AS the summer sun bakes the surrounding arid mountains, villagers here pace their days according to the arrival of the water truck.

Four times daily, a tanker full of water rumbles into this village of 2,000 people in the Beijing metropolitan area and dispenses two buckets for each household. Washing, watering, and cooking then resume until supplies run out, and the wait for the next water truck begins.

``If we take more than two buckets, other people won't get any,'' says Zhao Chun, who says villagers sometimes take donkeys to fetch water from the river over 10 miles away. More than 100,000 residents in the vicinity of Beijing face a daily scramble for water as China faces the most-severe drought of this century.

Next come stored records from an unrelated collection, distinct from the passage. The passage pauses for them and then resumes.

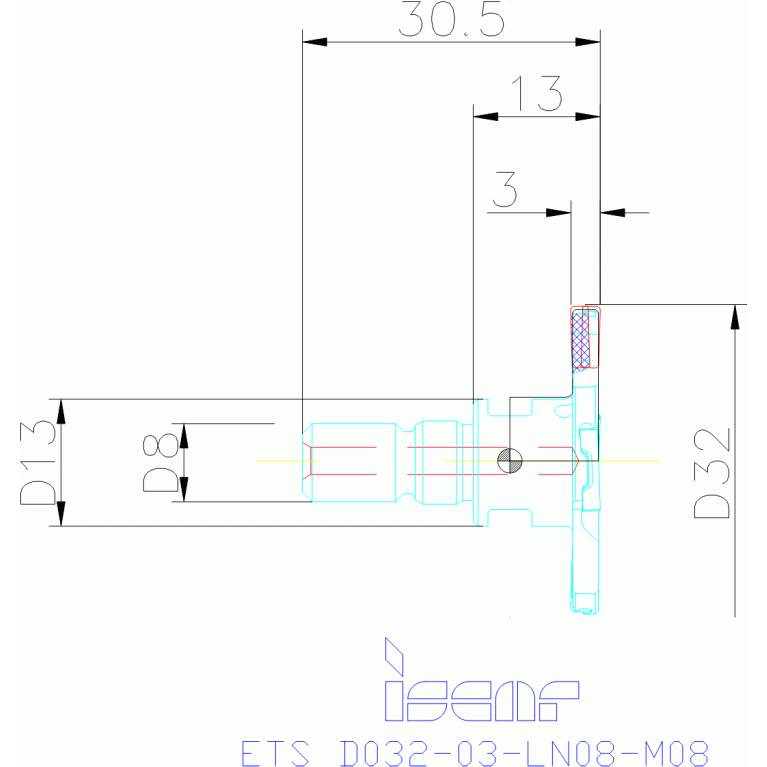 ETS D032-03-LN08-M08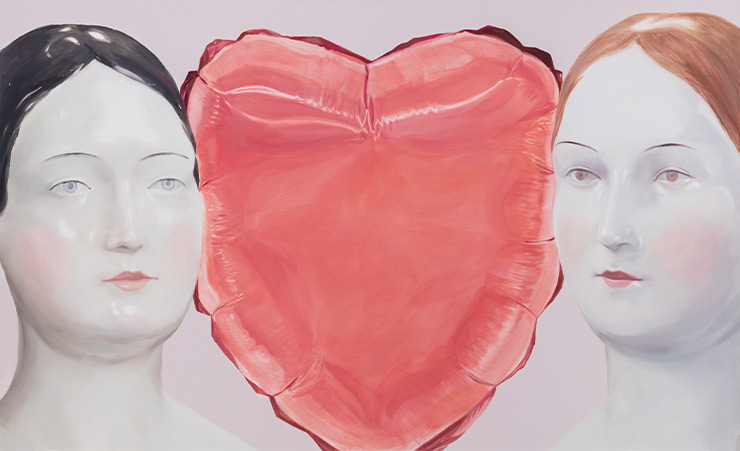 <Meaning of Cliche>, 2019, Oil and acrylic on canvas, 89.4x145.5cm.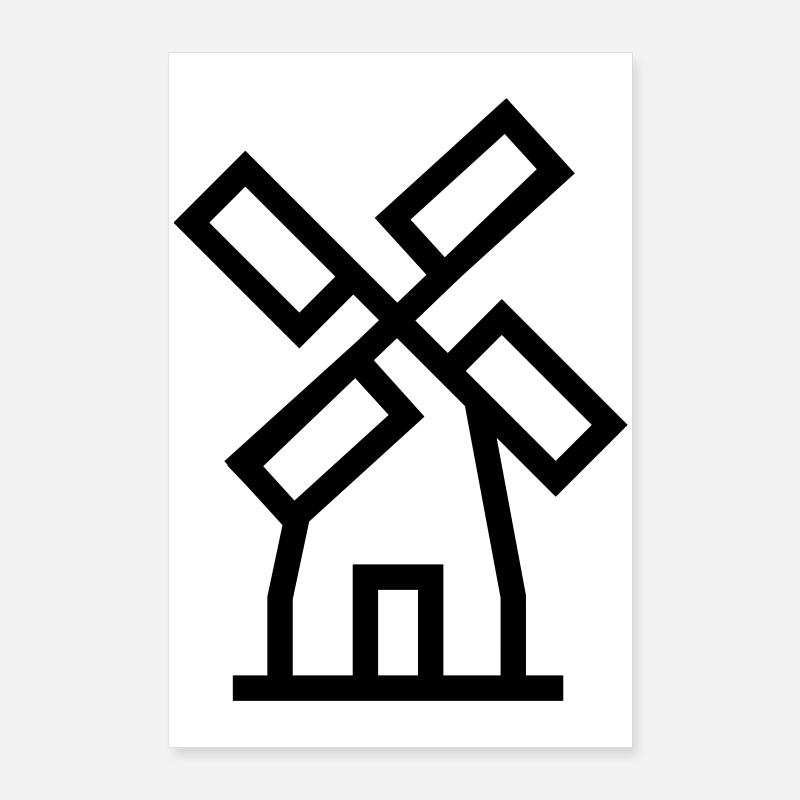 Windmill windmill air energy Poster 24" x 35" (60x90 cm)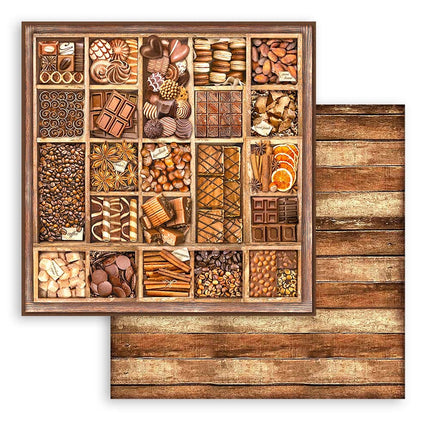 Scrapbooking Pad 10 sheets cm 30,5x30,5 (12"x12") - Coffee and Chocolate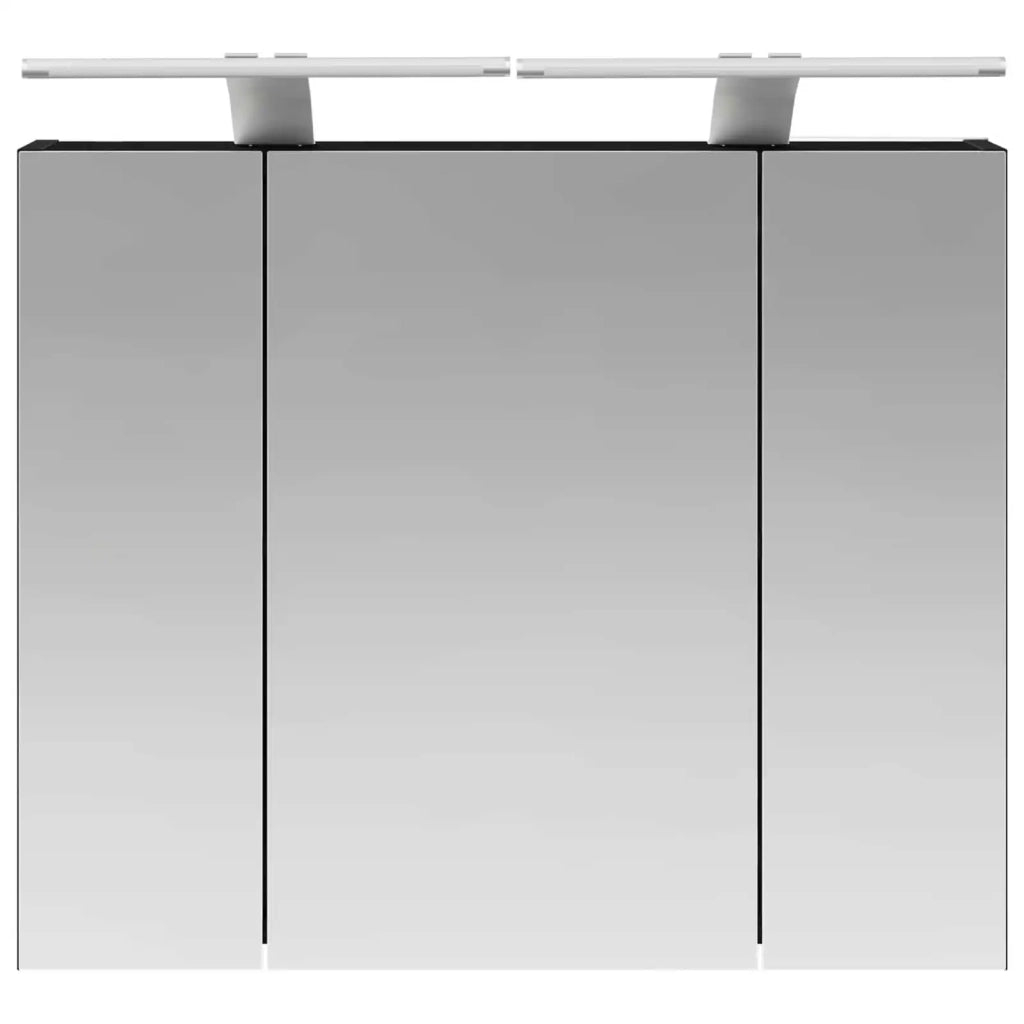 Mobiletto per specchio da bagno Rovere Nero 60 x 14,5 x 50 cm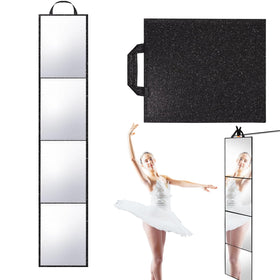 MEPIG foldable full-length mirror with handle, closed for easy portability.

A rain shortfall of 60 percent to 90 percent is affecting the cities of Beijing and Tianjin and the provinces of Hebei, Shanxi, Shannxi, Gansu, and Shandong, and threatens the summer wheat harvest, according to officials.

Almost halfway through the rainy season, many areas have seen hardly a drop: Annual rainfall, which averages 24 inches, has plummeted to almost nothing since the beginning of the year.

The water shortage is dissipating reserves in Beijing's two major reservoirs, which are now at three quarters of their average level in the 1980s, and has reduced ground water in the city by more than one meter, according to Chinese press reports.

``The capital city is rapidly reaching water scarcity.... The reserve of water will be used up in the next few years,'' says a Beijing water official, Teng Shutang, in the China Daily newspaper. ``Beijing would be at a standstill.''

The water crisis, which has also hit Guangdong, Sichuan, and other parts of southern China with the worst drought in 25 years, has brought emergency conservation measures and could trigger rationing in many cities before the end of the summer, officials have announced.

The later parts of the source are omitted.